“Moved with compassion,Jesus reached out and touched him. ‘I am willing,’ he said. ‘Be healed’!” Mark 1:41
In the first chapter of Mark, John the Baptist appears preaching a different kind of message. It was a message that was quite different from the message people had been accustomed to hearing for hundreds of years. For all those years, mankind had mostly known of a Holy and Righteous God who seemed to have little tolerance for man’s faults and shortcomings. This is seen in the Book of Numbers, when Israel’s complaints were met with God’s wrath. Yet, the message that John the Baptist began to introduce was about God’s grace and mercy, and he called it the “Kingdom of God.” The “Kingdom of God” is defined as “God’s way of doing and being,” and it seemed as if God had changed the way He was doing things.
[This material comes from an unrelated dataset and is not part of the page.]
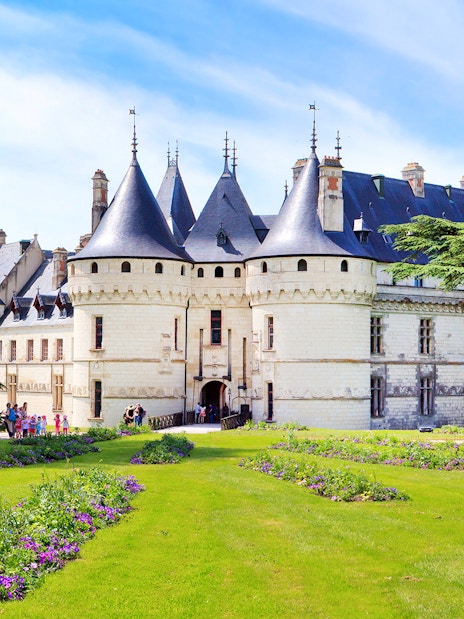 Château de Chenonceau with gardens, Loire Valley, France.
This change and New Kingdom were all because of Jesus and Jesus Himself set out to demonstrate what this new Kingdom looked like. This Kingdom was no longer about man getting what he deserved, but instead about man getting what he didn’t deserve; God’s undeserved favor and blessing. Everywhere Jesus went he healed the sick and opened blinded eyes. The town’s people poured out in droves to see this for themselves, and everywhere Jesus went He repeated these wonderful works of God’s love over and over.
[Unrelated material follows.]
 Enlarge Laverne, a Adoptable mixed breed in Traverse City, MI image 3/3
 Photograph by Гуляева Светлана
For the doubters, like Moses who questioned God’s ability to feed all of Israel with fresh meat, God demonstrated through Jesus that “His arm was not too short.” And, Jesus also showed that not only did God have the ability, but because of this New Age of Grace, He was willing.
Until Jesus returns for His Bride, the Church, we are still in that same age of Grace that began over two-thousand years ago. And, in this Age of Grace and God’s Kingdom, two truths remain: God is still able, and God is still willing.